Disk 1 TOSHIBA_DT01ACA300_242S5X2GS - 3 TB

Disk 2 TOSHIBA_MD04ACA400_84E1K4RAFSAA - 4 TB

Disk 3 Hitachi_HDS5C3020ALA632_ML0220F30DYRWD - 2 TB

Disk 4 Hitachi_HDS5C3020ALA632_ML0220F30GGKXD - 2 TB

Disk 5 TOSHIBA_DT01ACA300_331K5XRGS - 3 TB

Disk 6 Hitachi_HDS5C3020ALA632_ML0220F30GGLTD - 2 TB

 

So as it stands currently I’ve run out of places for new drives and have used all sata headers on my motherboard.  I do also have a spare case which is a fraction bigger then the Define but it will not fit into my home entertainment unit so I can’t use this yet.  The spare case has 5 internal 3.5” bays and 5 x external 5.25” bays.  We are hoping to buy and move house in the near future so when this happens I will have move space for networking and storage equipment and will probably move my current setup into this case at that point.  To complicate matters further I also have a  3TB drive spare which was left over from another project.

 

I’ve been running a few scenario’s around but can’t come to any decision yet and am looking for some advice.  Any decision will also depend on at what point it is advisable to move to dual parity.

 

Array is used for Movies, TV, Music, Photos and Computer backups.  Music, Photo’s and Computer backups are regularly copied to 1 of 2 portable hard drives and rotated off-site to the stock room at my work.  So anything else is technically replaceable but I would like to minimise as much as possible the need to replace data.

 

Option 1: Replace a 2TB drive with a spare 3TB drive and net 1TB’s worth of space for $0 spent.

 

Option 2: Replace parity with 8TB Seagate and move parity drive to replace a 2TB drive, net 2TB’s storage for $300.

 

Option 3: move the SSD somewhere else in the case and free up space for either a spare 3TB drive or the replaced parity drive in the above scenario. Nets either 3 or 4TB of space for either $80 for Sata Controller or $380 for controller + 8TB.

 

Option 4: replace parity with 8TB drive for now and replace 2TB drive.  2TB gained for $300.  After moving house Add additional 8TB parity drive into larger case and add spare 3TB drive + replaced 2TB drive netting another 5TB’s of space for $300 + the cost of a 5in3 5.25” enclose. This would bring me up to 9 drives in total. In theory I could run up to 10-12 drives total in the spare case.  So moving forwards from this point I could either add an additional 8TB drive or two as required netting the full 8TB of extra space for $300 each time and then once this is exhausted look to upgrade/replace existing drives.

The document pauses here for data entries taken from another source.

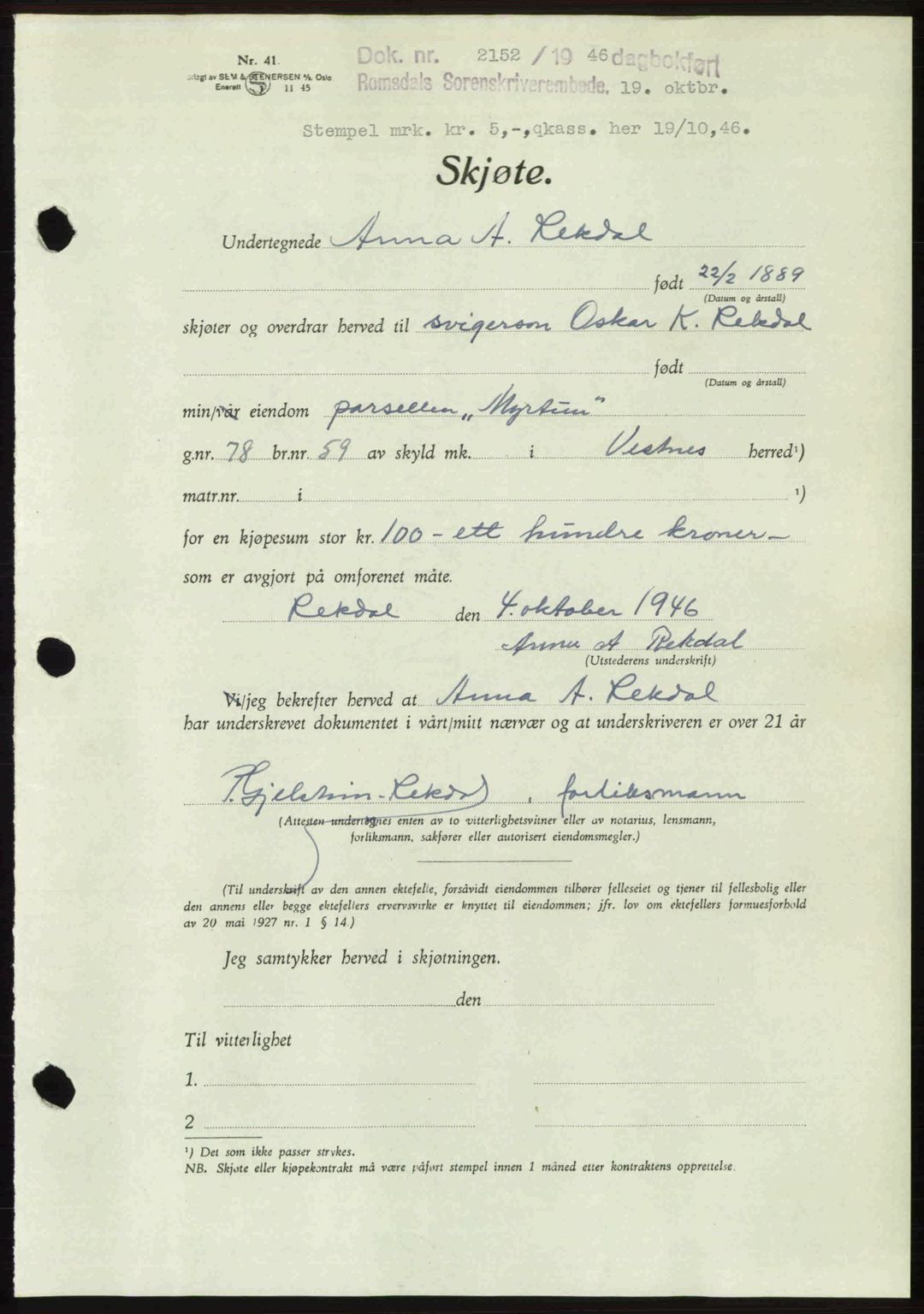 Romsdal sorenskriveri, AV/SAT-A-4149/1/2/2C: Mortgage book no. A21, 1946-1946, Diary no: : 2152/1946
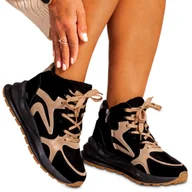 Botki damskie - Buty Damskie Zimowe Ocieplane Sportowe Florencia Czarne Khaki 36 - miniaturka - grafika 1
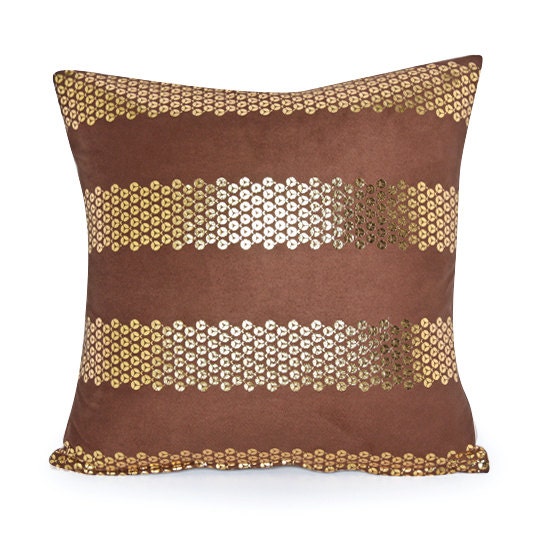 20" x 20" Chocolate Brown & Gold Stripe Suede Throw Pillow Cover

array.png.58001abad8440aea367963dcfc835d83.png

Link to comment

I think once you get to the point where you have so many drives that the possibility of two drive failings at the same time increases beyond what you are comfortable with, its time for dual parity. Or a second drive failing during a parity rebuild.

 

I have dual parity on my 'monster' unRAID server, but it has 27 drives and parity is 8TB which takes just over 24hrs to rebuild. So for me, with all those drives and all that time to rebuild parity, my chances of a second drive failing during a parity rebuild are greater than most peoples.

Link to comment

I would suggest you take a look at the table at the end of my post and decide yourself how much risk you are willing to take.


Explenation of the math:

Have a look at your HDD-Specs, you will finde something like "Non-recoverable read errors per bits read", for WD-Red you get "<1 in 10^14".

 

Now think of how many bits have to be read to recover a faild drive (i.e. all bits on all non-failed drives).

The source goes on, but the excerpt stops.